Excerpted records -
──────
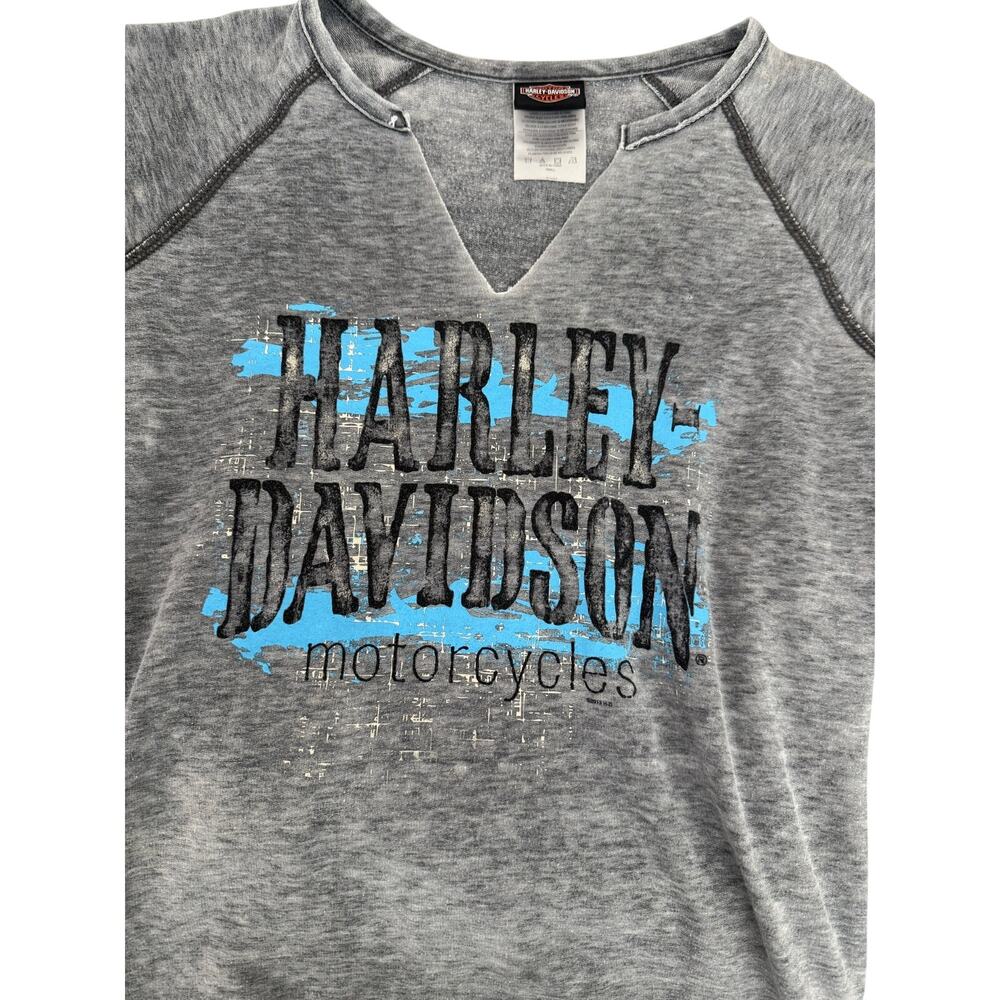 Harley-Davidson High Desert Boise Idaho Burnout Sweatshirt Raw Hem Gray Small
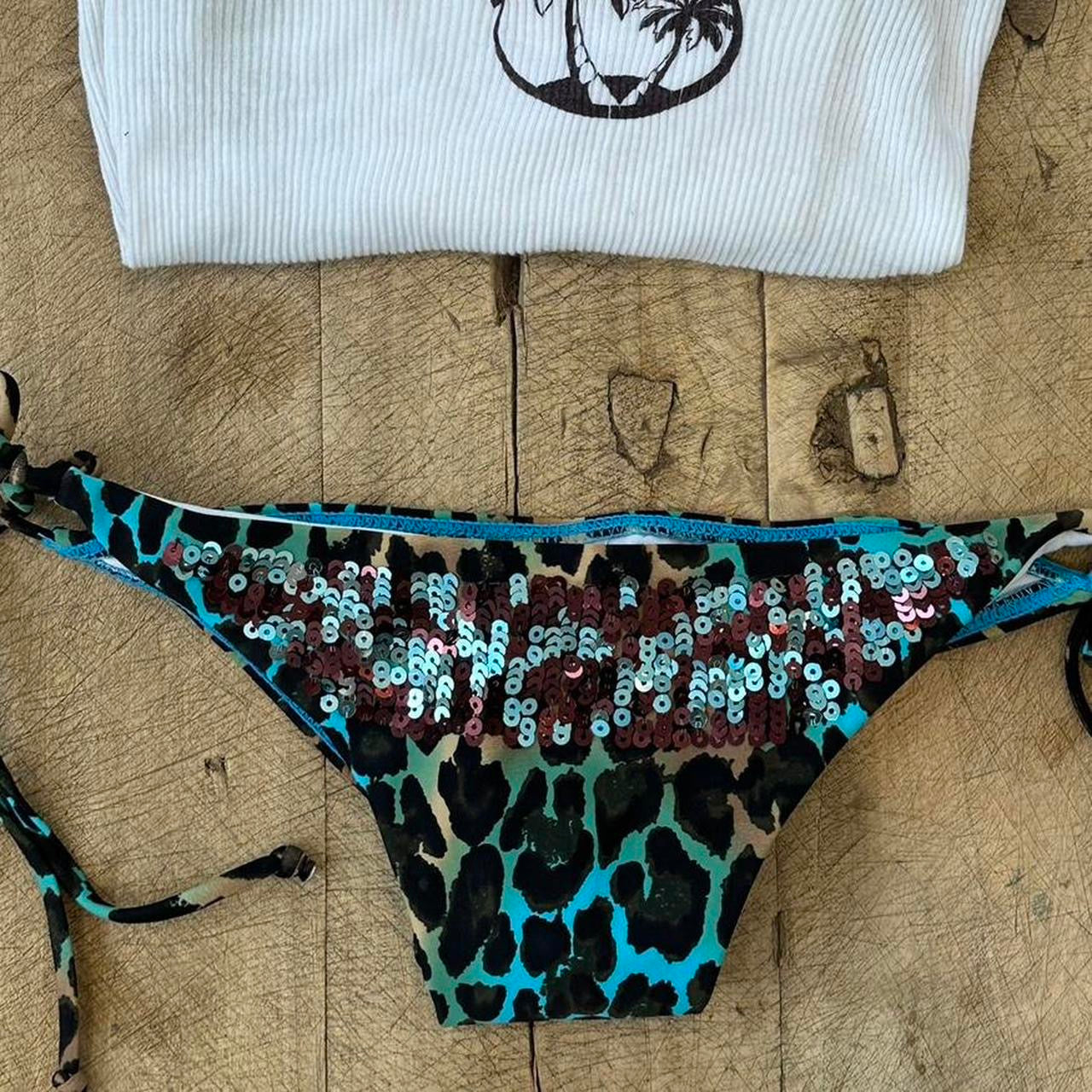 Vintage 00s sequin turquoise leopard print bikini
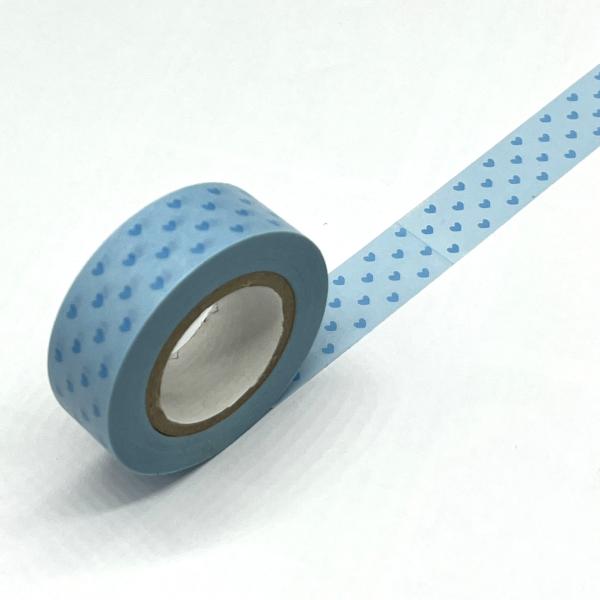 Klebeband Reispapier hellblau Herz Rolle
──────
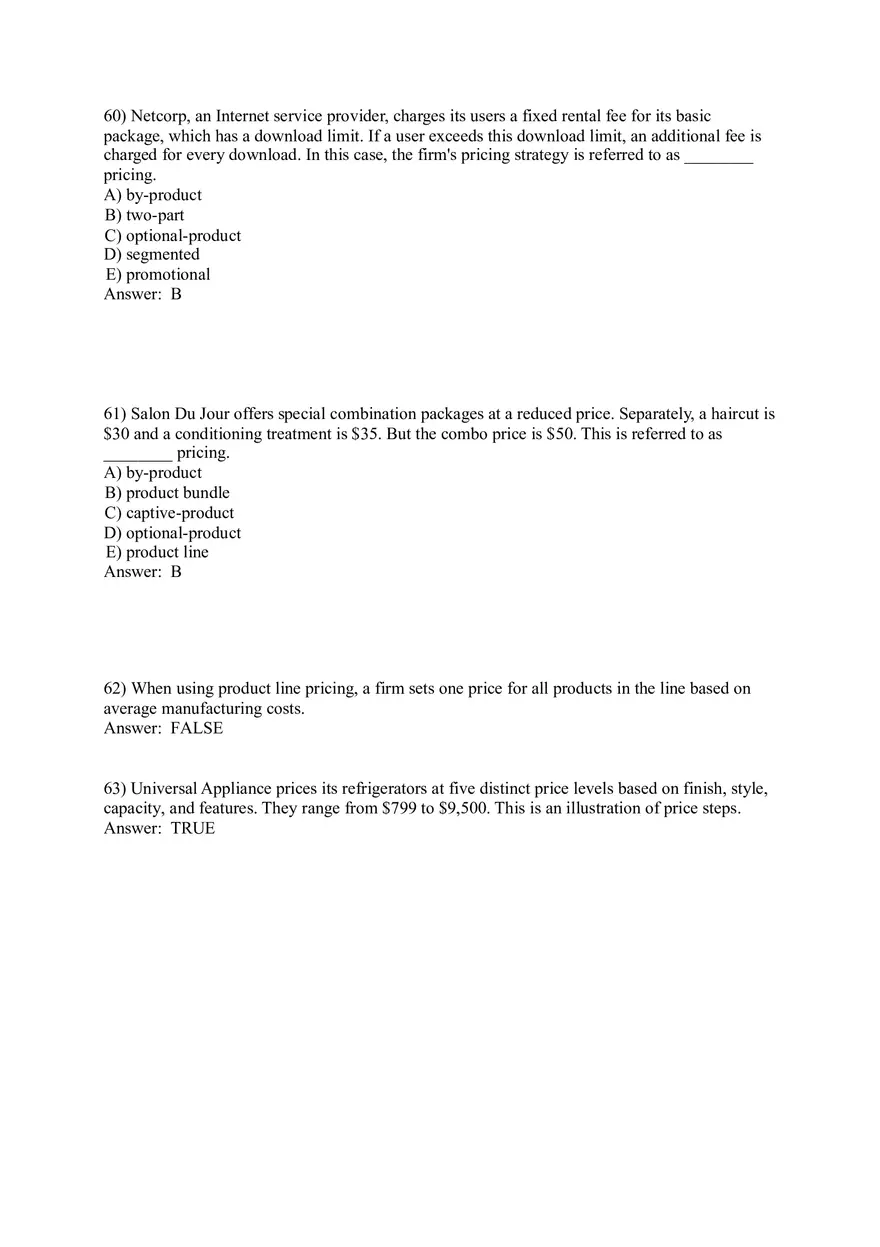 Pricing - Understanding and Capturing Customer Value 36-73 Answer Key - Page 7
──────
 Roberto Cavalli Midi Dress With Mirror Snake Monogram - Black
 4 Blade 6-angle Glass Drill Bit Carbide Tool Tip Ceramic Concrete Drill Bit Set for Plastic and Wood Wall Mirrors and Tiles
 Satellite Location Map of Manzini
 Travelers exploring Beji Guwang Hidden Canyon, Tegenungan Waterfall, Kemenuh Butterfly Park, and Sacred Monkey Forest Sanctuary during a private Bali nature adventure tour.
──────
Exercise description - Copy out each line of the data above, exactly, if it lies between the line holding "Satellite Location Map of Manzini" and the line holding "Travelers exploring Beji", inclusive; copy no other line.

Answer for this exercise -
 Satellite Location Map of Manzini
 Travelers exploring Beji Guwang Hidden Canyon, Tegenungan Waterfall, Kemenuh Butterfly Park, and Sacred Monkey Forest Sanctuary during a private Bali nature adventure tour.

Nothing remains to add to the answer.